The Kaffir Lime (Citrus hystrix) is a small tree thick and lush, with branches full of thorns as its Latin name highlights.
It has origins in Southeast Asia and is cultivated in Thailand, Vietnam, Laos and Cambodia. It is also popular in Indonesia and Malaysia, the islands of Reunion and Madagascar.
The origin has not yet been determined with certainty, some experts consider it a hybrid between Cedar and Lime, others are of the opinion that this is a spontaneous mutation of Lime. The fruit is about 3 cm and can be round or oval, the skin is heavily ridged and irregularly rounded, bright green to dark green.

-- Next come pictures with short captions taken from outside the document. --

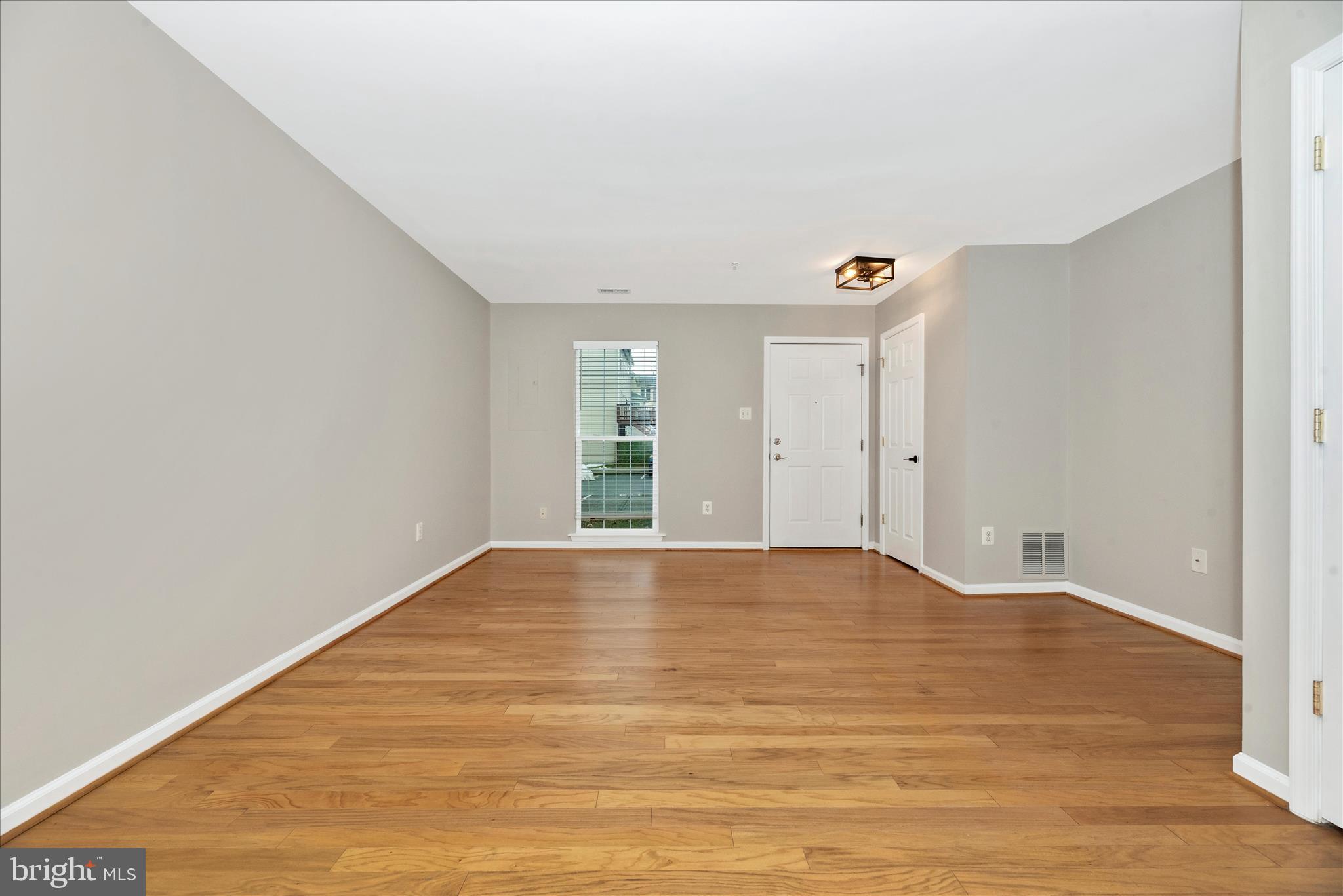 BALLENGER CREEK CENTER POND - Residential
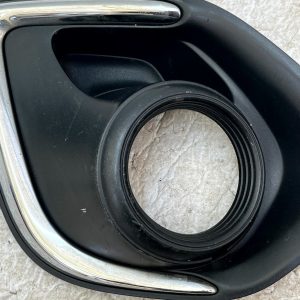 Mitsubishi ASX Front Bumper Right Fog Light Grille Trim 13-16 8321A536 Genuine - Image 3
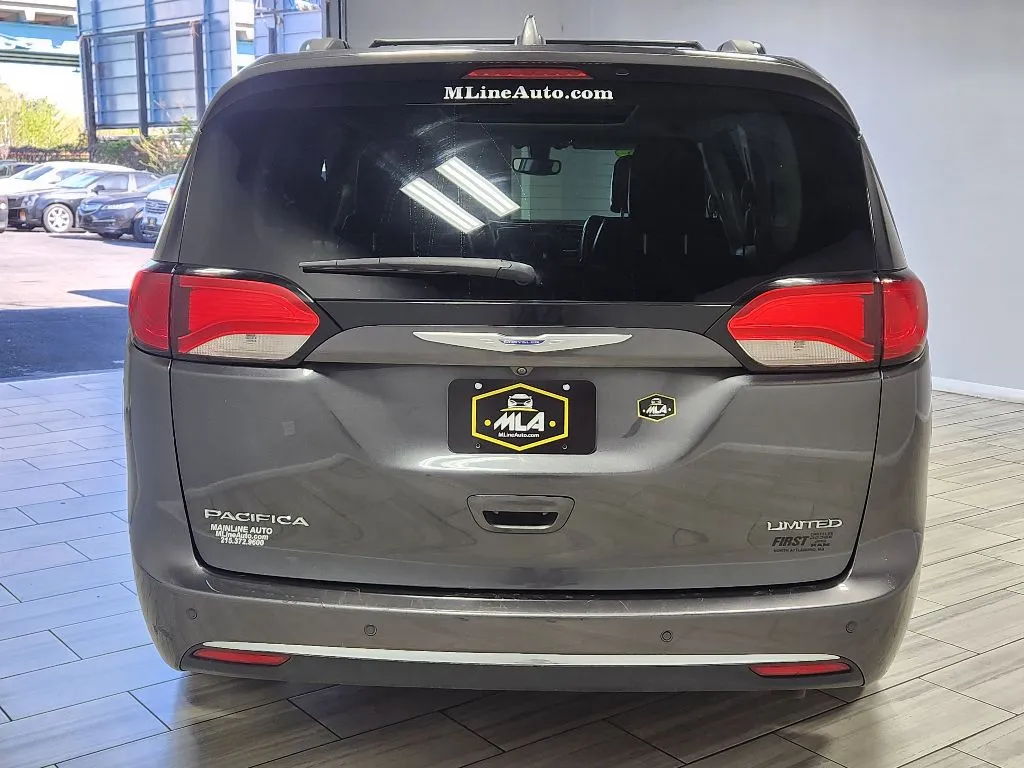 More photos of 2019 Chrysler Pacifica Limited at Torresdale Ave, PA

The taste is extremely sour and so the fruit can not be eaten fresh, but is used in cookery. The skin is regularly used as an ingredient in sauces and spicy condiments, and thin slices of Kaffir Lime accompany fish dishes. Especially popular are the leaves that form the basis of many salads. The test is fresh and persistent, very suitable for dishes based on fish, for the preparation of fillings, salads, and to create new flavors such as with ice cream.
After appropriate processing, the juice is used in the preparation of some rum based liqueurs that are produced on the island of Madagascar and Reunion. The Kaffir Lime is used successfully by industry to produce good perfumes, because the skin contains many terpenes, limonene and especially the citronelolo that has a strong scent of roses.
In Indonesia the juice and thin slices of dried Kaffir Lime are used as medicine, it's sold under the name of Jeruk Obat which literally means medicinal fruit. It's cosidered to be a strong anti-inflammatory. Thai women use the fruit juice as stain remover, it's also used to perfume the hair and to make them smooth and shiny.